Second, expand the "escape clause" mechanism under World Trade Organisation rules, so that workers and communities affected by import surges have better defences. Under current WTO rules, aggrieved parties must show that increased imports have caused, or threaten to cause "serious injury" to a domestic industry. The country applying the escape clause must also offer compensation with equivalent concessions in foreign trade. This is a tall order. No one should be surprised that the preferred route has been anti-dumping complaints and countervailing duties, which, because they are unilateral and because "dumping" is almost impossible to define, pose a much greater threat to open trade.

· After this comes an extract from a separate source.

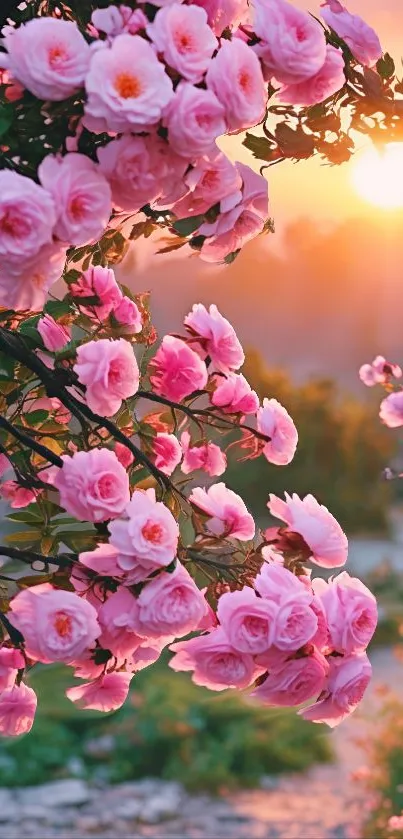 Pink roses on a branch with sunset background.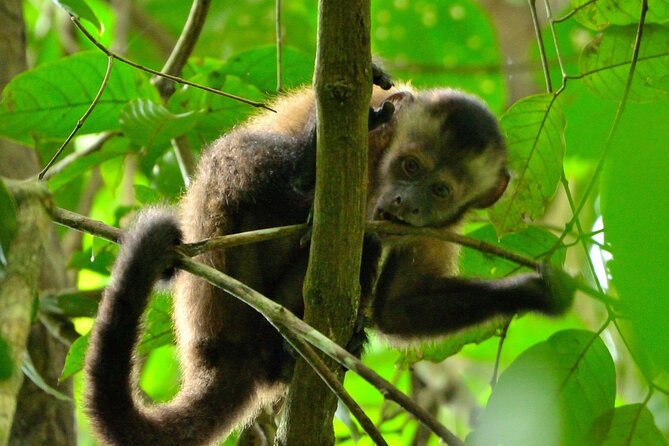 3-Day Eco-Sustainable Private Tour Manu National Park - Entering Manu by road and river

Third, treat trade adjustment as part of a broader social agenda to help ensure that working people stay out of poverty, and are given opportunities of advancement. This agenda would include, among other things, better public schools for children from lower-income families, a larger and more generous Earned Income Tax Credit, a higher minimum wage, and more affordable health care. A comprehensive approach is necessary. Mere job training or "trade adjustment" assistance is not enough.
Finally, the international community should agree to certain common norms of economic behaviour. If Americans were confident that other nations were playing by the same basic rules, some of the present concern would be mollified. By "norms" I do not mean that other nations must pay their workers the same wages as in the US or guarantee them the same working conditions as American workers. Poorer nations cannot and should not be expected to do such things. I am referring to more fundamental and universal standards, such as the rights codified by the International Labor Organisation against slave labour, forced labour, and the right to free association.
For over a century, trade has been an issue of sharp contention. But recent advances in technology have speeded global integration and caused trade to become even more contentious. Trade creates losers, along with an even larger group who fear they may join the losing camp. Unless or until we take their problems seriously, opposition to free trade will grow more intense.